Follow the instructions for linux build

 sudo apt install zlib1g-dev libzip-dev libboost-filesystem-dev
 sudo apt install libgoogle-perftools-dev  # for TCMALLOC
 git clone https://github.com/lightvector/KataGo.git
 cd KataGo/cpp
 export CUDACXX=/usr/local/cuda-10.0/bin/nvcc 
 rm -rf CMakeFiles/
 cmake . -DBUILD_MCTS=1 -DUSE_BACKEND=CUDA -DUSE_TCMALLOC=1 

You should see:

...
[ 45%] Building CUDA object CMakeFiles/katago.dir/neuralnet/cudahelpers.cu.o
...

Hint: Make sure you know where CUDA is

https://devtalk.nvidia.com/default/topic/1050692/jetson-nano/how-to-do-cuda-programming-on-jetson-nano-/

/usr/local/cuda-10.0/bin/nvcc

export CUDACXX=/usr/local/cuda-10.0/bin/nvcc

Run the benchmark, create config file, run analysis

Benchmark

As affordable as this system is, the GPU isn't exactly going to break any records for speed. You need to make fewer visits in order to complete the benchmark in a reasonable amount of time.

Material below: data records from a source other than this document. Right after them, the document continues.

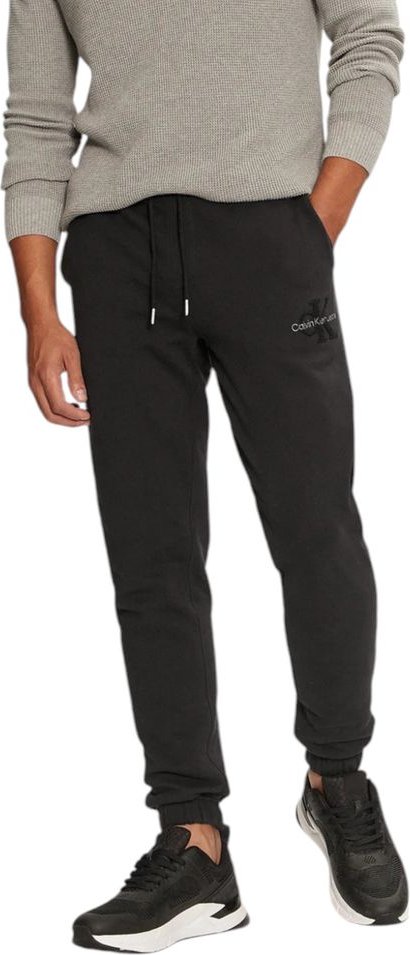 Logo-bestickte Jogginghosen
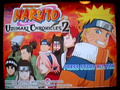 Naruto Uzumaki Chronicles 2 Game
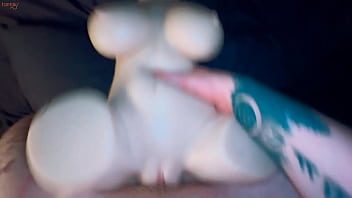 Preview 2 of Jappanxx - Fucking BabyGirl On Christmas Morning Before Mommy Wakes Up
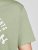 Jack & Jones JJERAFA TEE Light Green - Herren-T-Shirts - Herren-T-Shirts in großen Größen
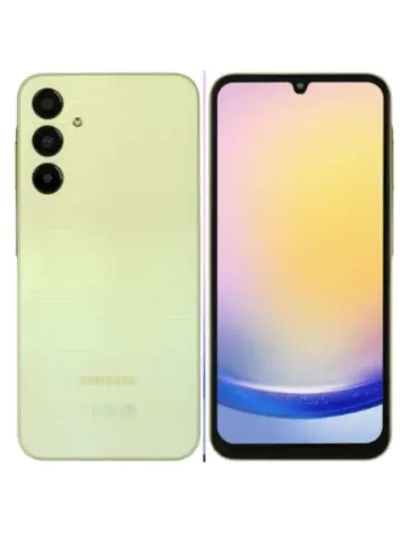 6,5" Смартфон Galaxy A25 8/256 ГБ A25 YELLOW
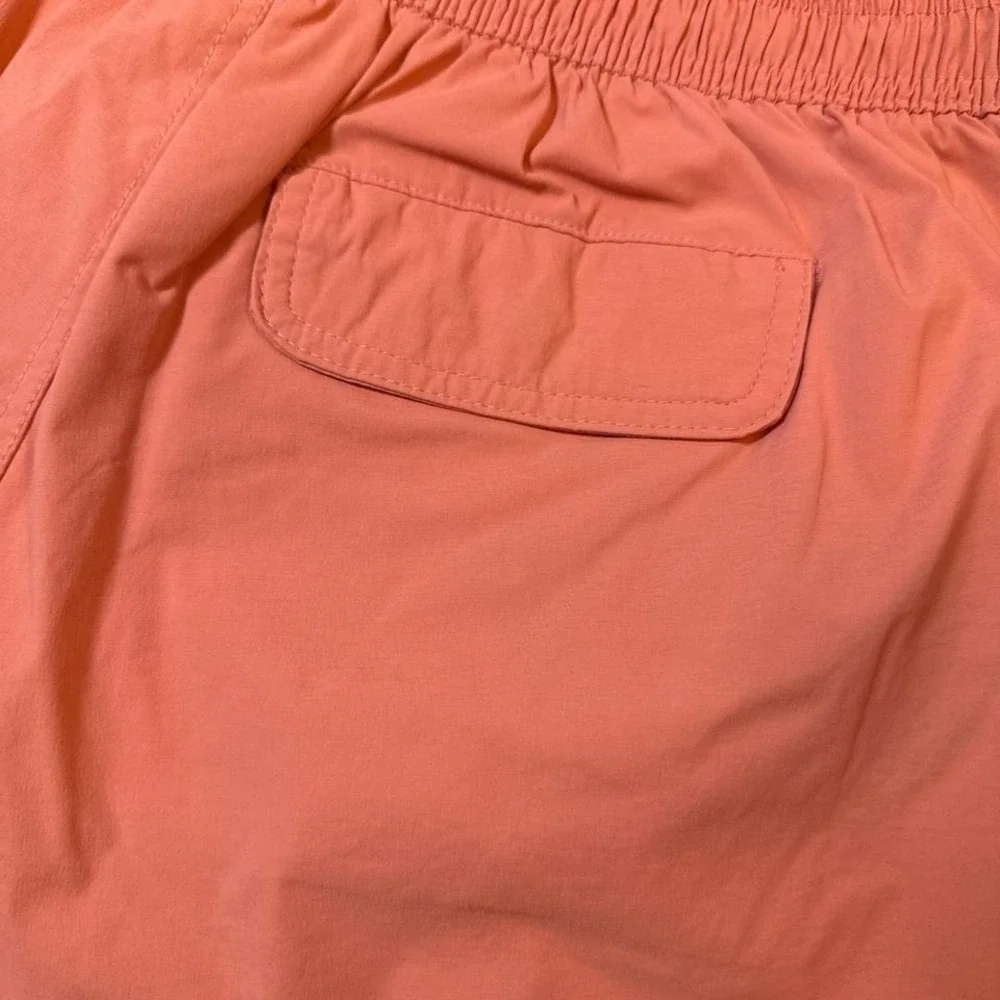 Onia Calder Swim‎ Trunks Mens L Salmon Pink 6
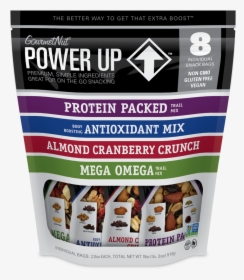Power Up Trail Mix, HD Png Download, Free Download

./katago benchmark -model /path/to/g170e-b20c256x2-s2430231552-d525879064.bin.gz -config /path/to/analysis_example.cfg  -visits 80

Config file

FP16. Use it. It's available on the NVIDIA Jetson Nano.

In your katago cfg file, you need to set this value:

cudaUseFP16 = true

Analysis

./katago analysis -model /path/to/g170e-b20c256x2-s2430231552-d525879064.bin.gz -config /path/to/analysis.cfg -analysis-threads 2

Notes from KataGo docs

per compute time, the 20-block extended-training "s2.43G" is likely the strongest net

Enabling Edimax EW-7811Un Wifi adapter on the Jetson Nano

This probably isn't specific to our dev board, but we had to do some extra legwork to enable the inexpensive EW-7811Un wifi adapter

See:

Once you follow all of those steps, including managing power config settings, log in to Gnome and make sure the wifi adapter is "available to all users" via the networking GUI. Then you'll see the system automatically log in at boot-up.